What the task asks: Using the entries below, copy exactly each line from the line with "Now that the" up to and including the line with "Part 1. The", with every picture left out.

..........

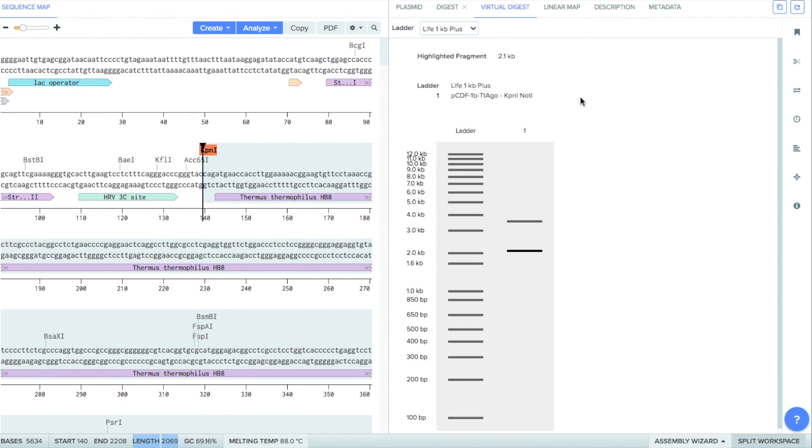Congratulations! You have successfully completed your first Virtual Digest. To learn more about agarose gels, check out the video linked above.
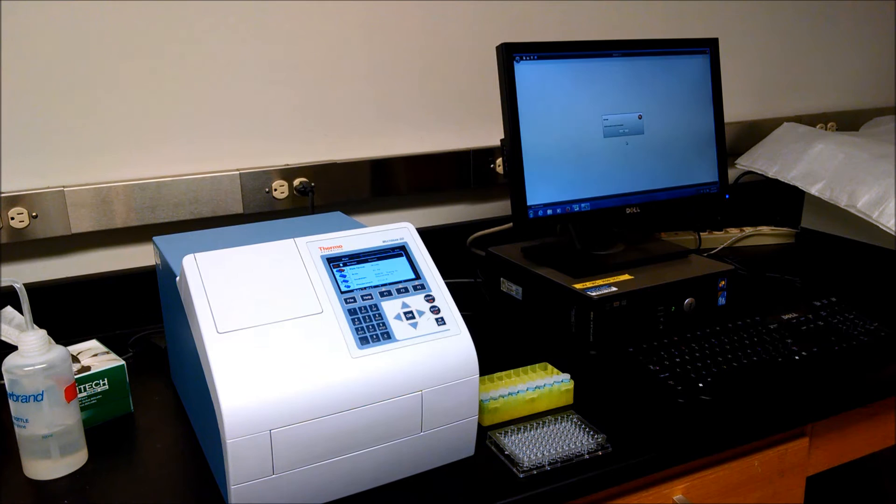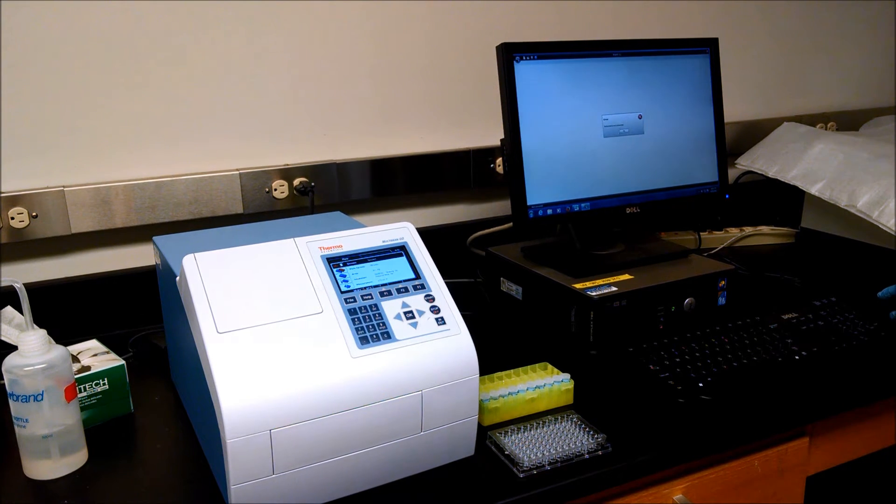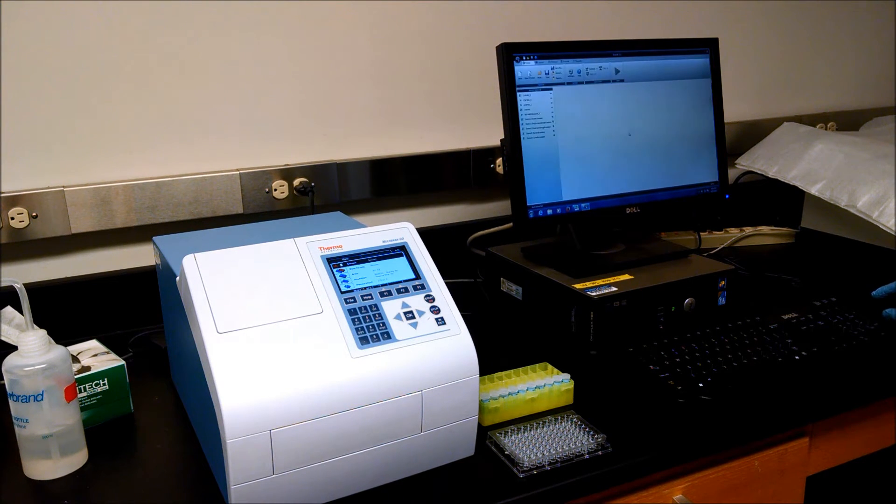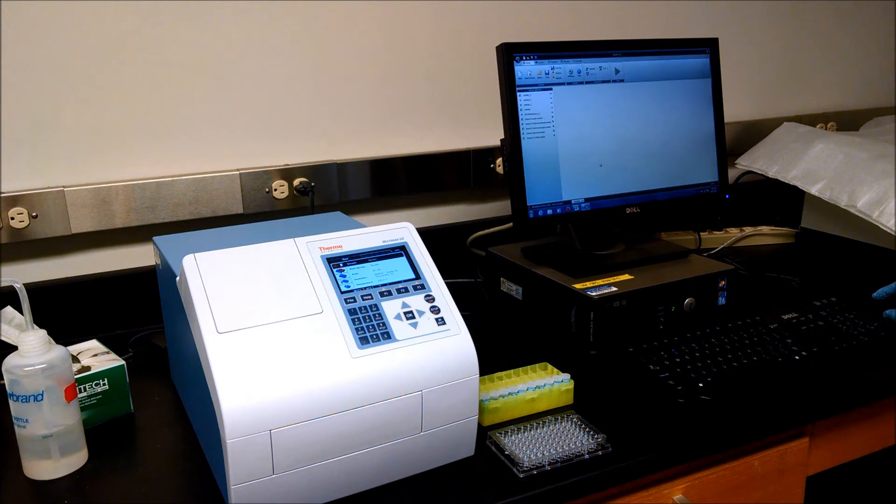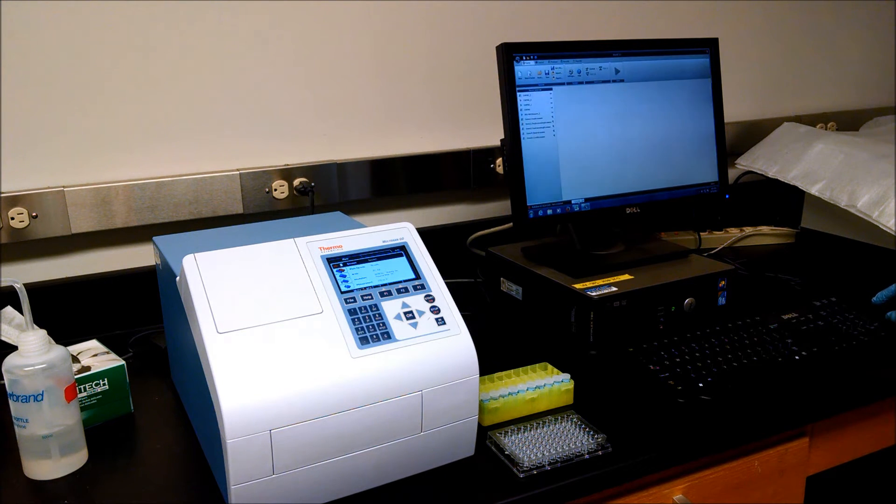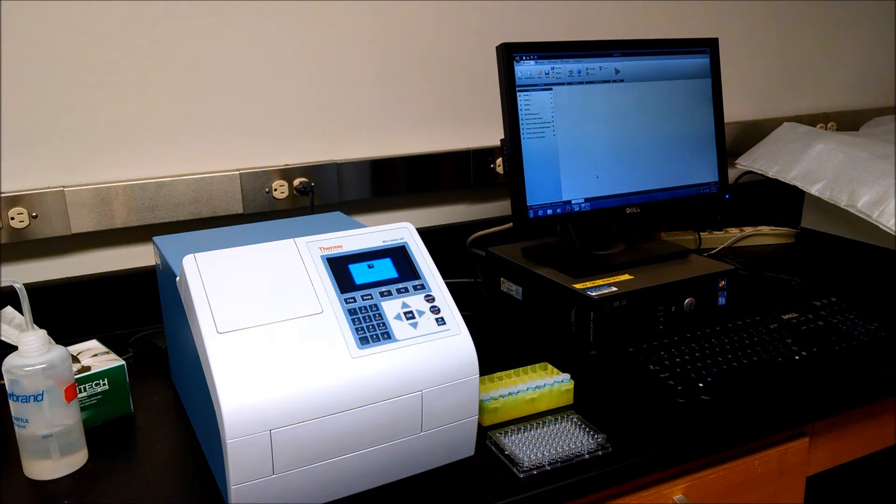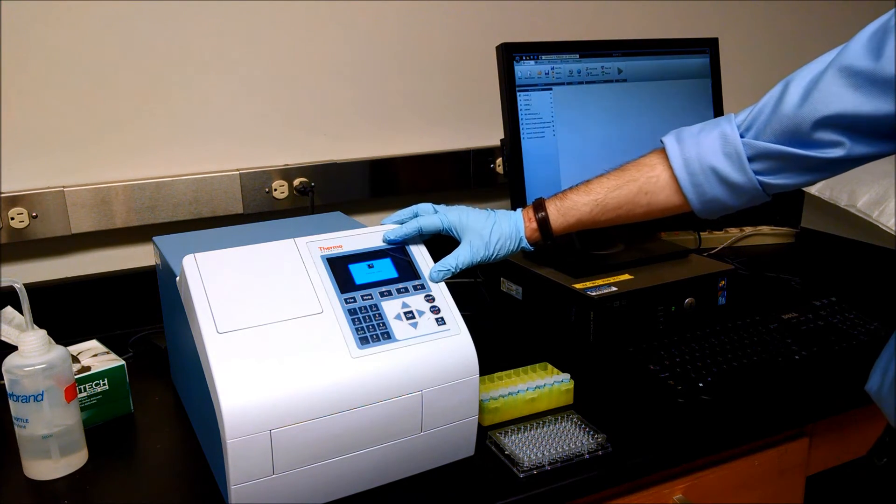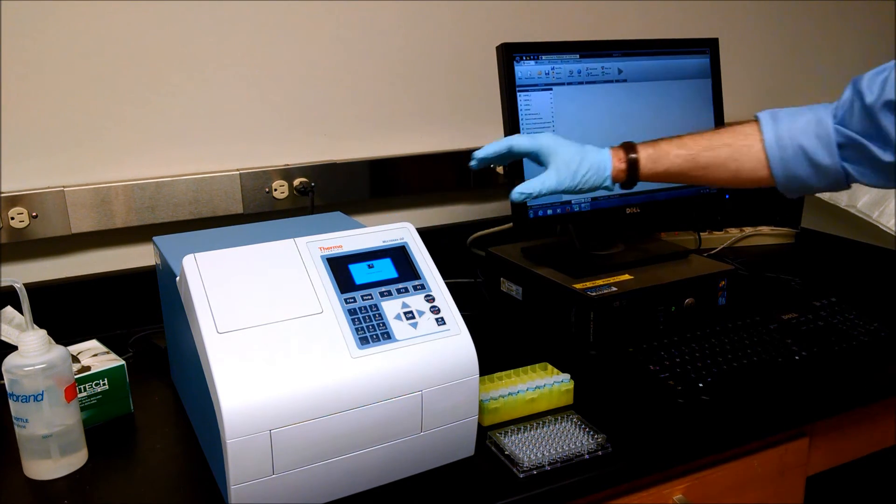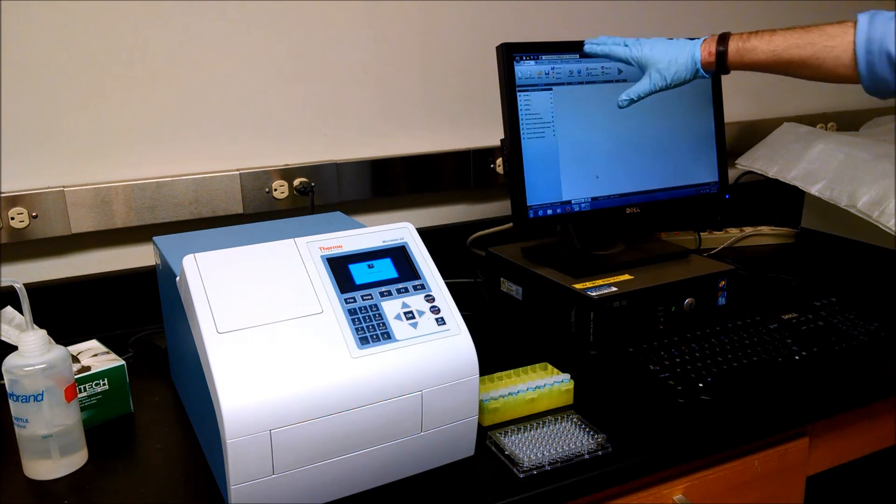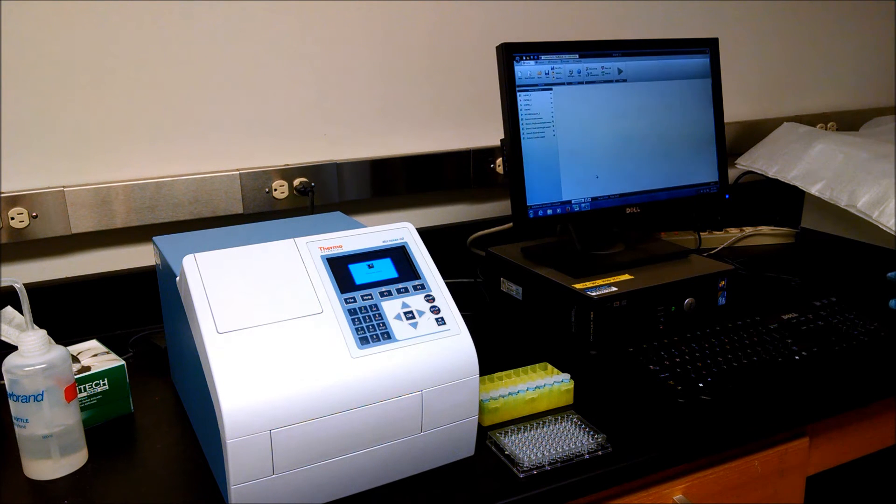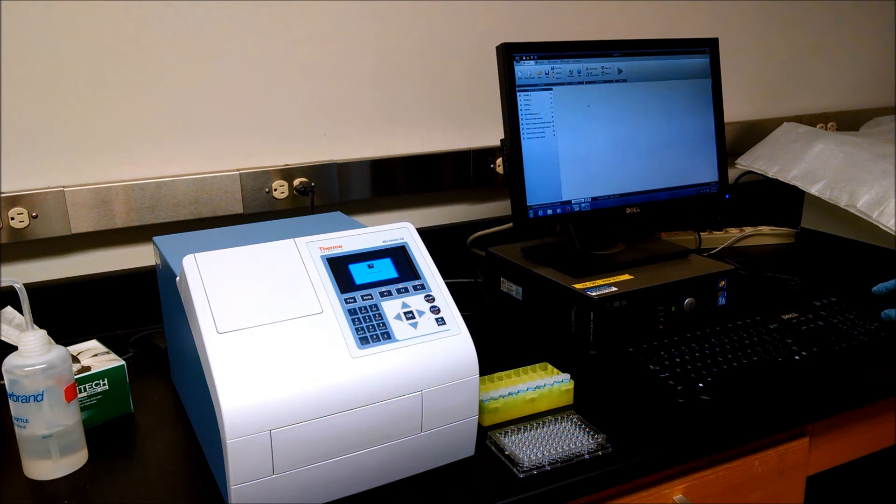Now that the instrument is ready, we can try to connect again here. Once it's connected, the window on the instrument says computer control, and up here we have all the controls that we need.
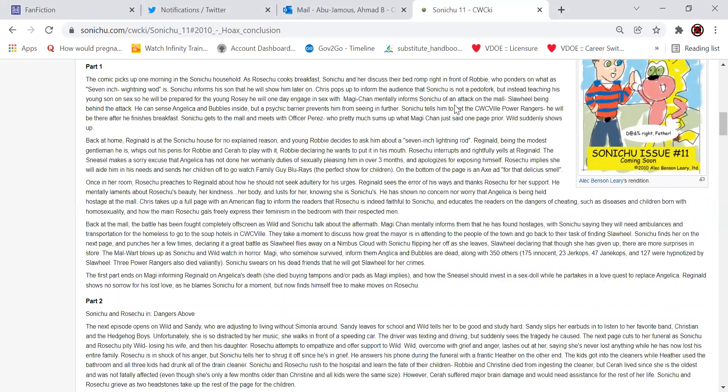Part 1. The comic picks up one morning in the Sonichu household. As Rose Chu cooks breakfast, Sonichu and her discuss their bed romp last night in front of Robbie, who ponders on what a 7-inch lightning rod is. Sonichu informs someday he will show him later on. Ew. Chris pops up to inform the honestness that Sonichu is not a pervert at work, but instead is teaching his young son on sex so he will be prepared for the young Rosie he will one day engage in sex with.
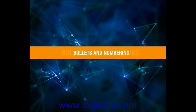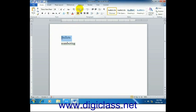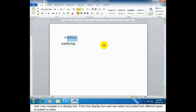To apply bullets and numbering to the selected text, go to the paragraph section under the Home tab. Use these buttons — click the drop-down list box on the bullets button. From the display box, the user can navigate and select any bullet from different types of bullets to insert.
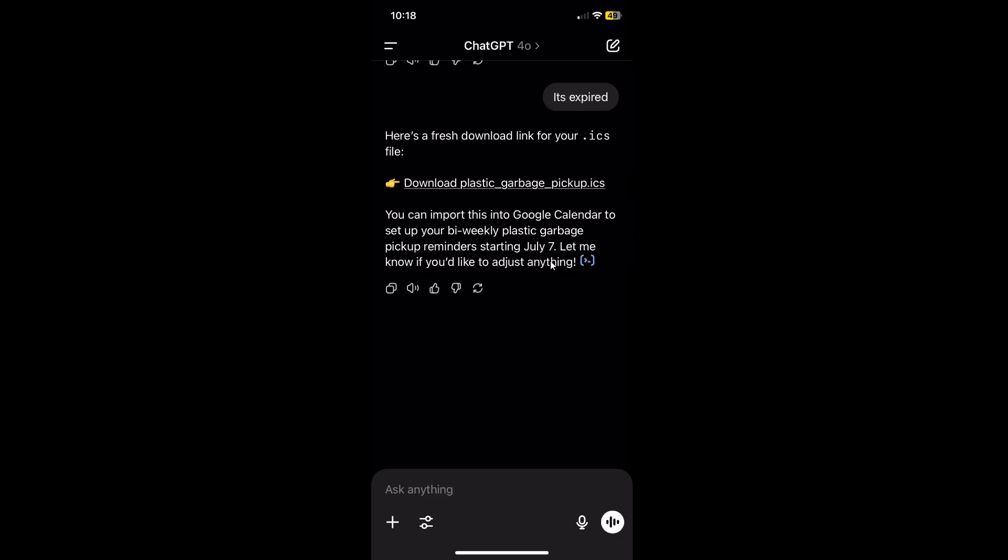I just created a short reminder on my calendar for plastic garbage pickup dates. If you want to import it, that's what you need to do here.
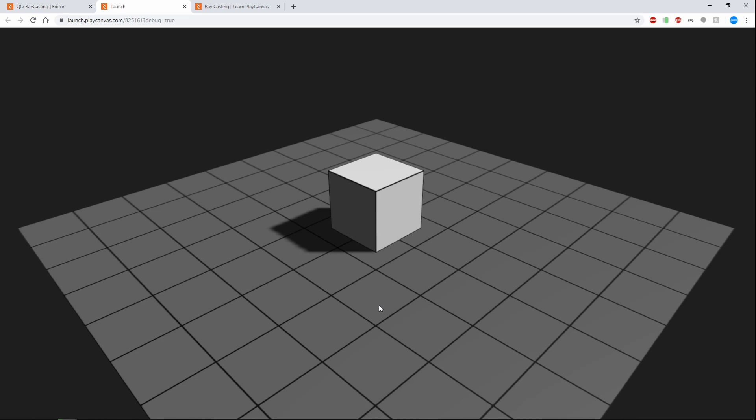Hello, welcome to PlayCanvas QC's. I am Mapster and today we are looking at raycasting.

..........

Task answer:
Now that the instrument is ready, we can try to connect again here. Once it's connected, the window on the instrument says computer control, and up here we have all the controls that we need.
Part 1. The comic picks up one morning in the Sonichu household. As Rose Chu cooks breakfast, Sonichu and her discuss their bed romp last night in front of Robbie, who ponders on what a 7-inch lightning rod is. Sonichu informs someday he will show him later on. Ew. Chris pops up to inform the honestness that Sonichu is not a pervert at work, but instead is teaching his young son on sex so he will be prepared for the young Rosie he will one day engage in sex with.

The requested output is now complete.